= Edward Orton Jr. =

Edward J. Orton Jr.

Professor Edward Orton Jr. (October 8, 1863 in Chester, New York, United States – February 10, 1932 in Columbus, Ohio, USA) was an American academic administrator, businessman, ceramic engineer, geologist, and philanthropist.
==Biography==
===Early life===
Orton Jr. was the son of Edward Orton Sr., a Harvard educated geologist, and Mary Jennings Orton. Shortly after his birth in 1865, his family relocated to Yellow Springs, Ohio, when his father became principal of the preparatory school of Antioch College. In 1873, he began attending public school in Columbus after his father relocated the family after being appointed first President of The Ohio State Agricultural and Mechanical College.

===Career===
Orton Jr. graduated from Ohio State University with an Engineer of Mines degree in 1884. From 1884 to 1888, he was chemist and superintendent of blast furnaces. The regular manufacture of high silicon alloy of iron, "ferro-silicon," in the United States was introduced first by him, at the Bessie Furnace, New Straitsville, Ohio, 1887–88. In the latter year, he entered the ceramic industries of Ohio, managing several plants until 1893.

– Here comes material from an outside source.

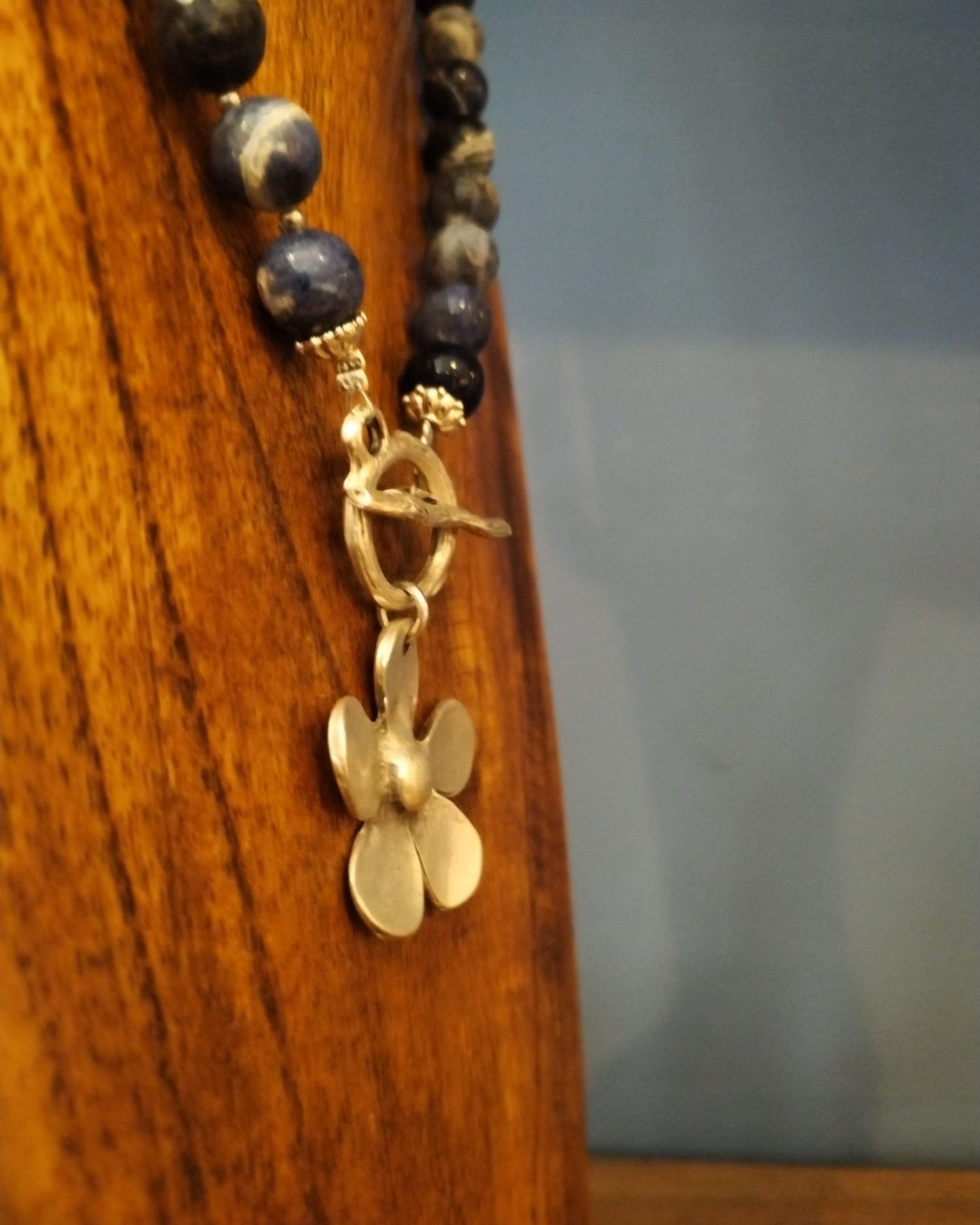 Blue Sodalite Necklace with Silver Flower Charm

In 1894, Orton was appointed the first chairman of a school of ceramic engineering at Ohio State University, the first ceramic engineering school in the United States. This school for instruction in the technology of clay, glass and cement industries was established largely through his efforts. Following in his father's footsteps, Orton was the State Geologist of Ohio from 1899 until 1906. Orton also served as the Dean of the Ohio State College of Engineering from 1902 to 1906 and again from 1910 to 1915.

Orton served as the secretary of the American Ceramic Society from 1899 to 1917 and later as president from 1930 to 1931. From this role he led the organization from its inception and played an important role in its early growth and establishment as a scientific organization.

Orton honored his father with the Orton Memorial Library of Geology, inside Orton Hall at Ohio State University, for perusing the theories and records of earthly change. Orton Hall would later house the Orton Geological Museum.

===World War I===
In 1916, Orton aided in the drafting of the US National Defense Act. Later that year, during World War I, Orton entered the United States military service. In 1917, he was commissioned a Major in the Officer's Reserve Corps. By 1919, he became a Brigadier General in the Quartermaster's Officers Reserve Corp. On June 2, 1919, he was awarded a Distinguished Service Medal by the United States Congress.

He purchased, created and donated Camp Mary Orton (named after his first wife) to the Godman Guild of Columbus which operated it as a summer camp and retreat for young mothers and their babies.

===Later career===
He was elected President of the Columbus Chamber of Commerce in 1921 and re-elected for a second term in 1922 (only the second citizen to succeed himself). In 1922, he received a Doctor of Science from Rutgers College. In 1931, he received an honorary degree of Doctor of Laws from Alfred University. Later in 1931, he received the professional degree of Ceramic Engineer from The Ohio State University.

Orton developed a series of pyrometric cones and established the Standard Pyrometric Cone Company to manufacture the cones, which continue to be used. He died in 1932, and in accordance with his will the Edward Orton Jr. Ceramic Foundation was formed as a charitable trust to operate of the Standard Pyrometric Cone Company.

==Personal life==
Orton married twice, first to Mary Princess Anderson (1888 until her death in 1927) and later to Mina Althea Orton (1928 until his death in 1932).

== Publications ==
- Clays of Ohio and the Industries Established Upon Them, in Ohio Geological Survey, v. V, published by The Ohio State University in 1884.
- Ceramics 6 (Clay manufacture — pottery) lectures (April 11 – June 6, 1902) (1902)
- The Progress of the Ceramic Industry (1903)
- with Samuel Vernon Peppel: Limestone Resources & the Lime Industry (1906). ISBN 1-114-50912-4.

He also published a number of technical articles and reports in periodicals.